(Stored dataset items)
---
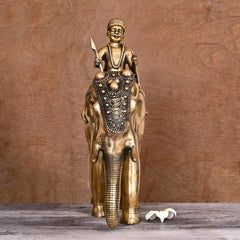Brass Lord Indra On Elephant Airavata Statue (25 Inch)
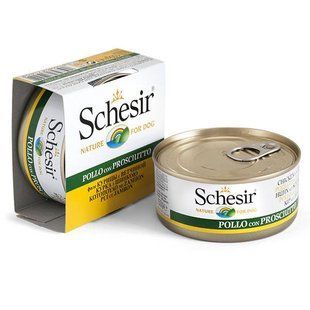Вологий корм Schesir Dog для дорослих собак, шматочки курячого філе з шинкою в желе 150 г 712554 фото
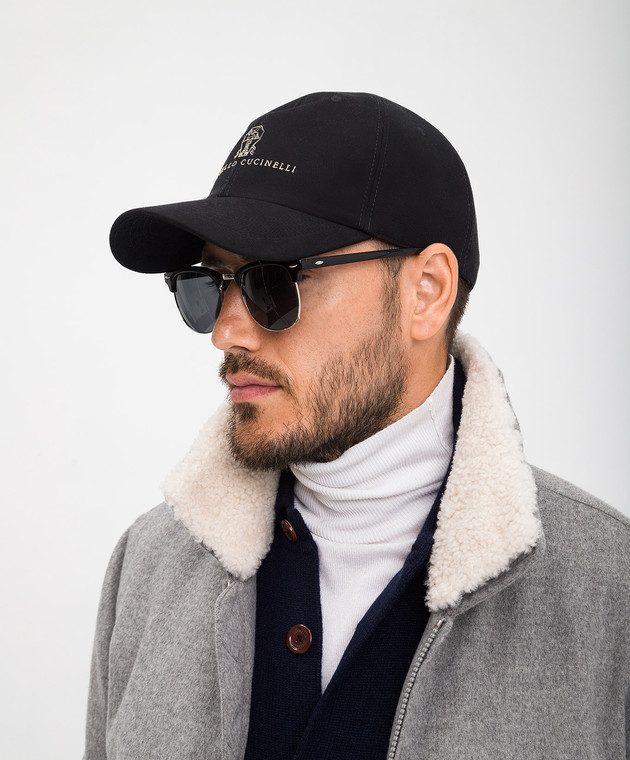 Brunello Cucinelli Черная кепка с вышивкой логотипа M252D9850 изображение 2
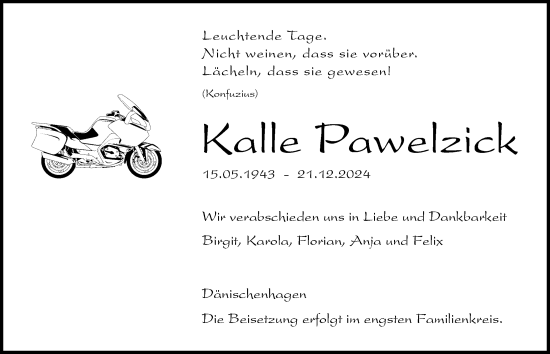 Traueranzeige von Kalle Pawelzick von Kieler Nachrichten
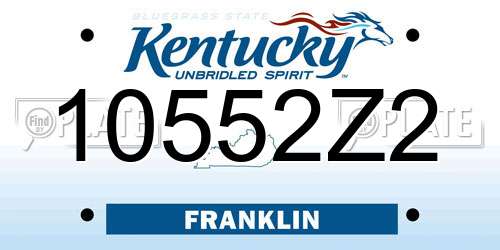 10552Z2 Kentucky License Plate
---
TASK PROMPT: Type out the entries again without a single change, and leave the pictures out.

RESULT OF THE EXERCISE:
Brass Lord Indra On Elephant Airavata Statue (25 Inch)
Вологий корм Schesir Dog для дорослих собак, шматочки курячого філе з шинкою в желе 150 г 712554 фото
 Brunello Cucinelli Черная кепка с вышивкой логотипа M252D9850 изображение 2
 Traueranzeige von Kalle Pawelzick von Kieler Nachrichten
 10552Z2 Kentucky License Plate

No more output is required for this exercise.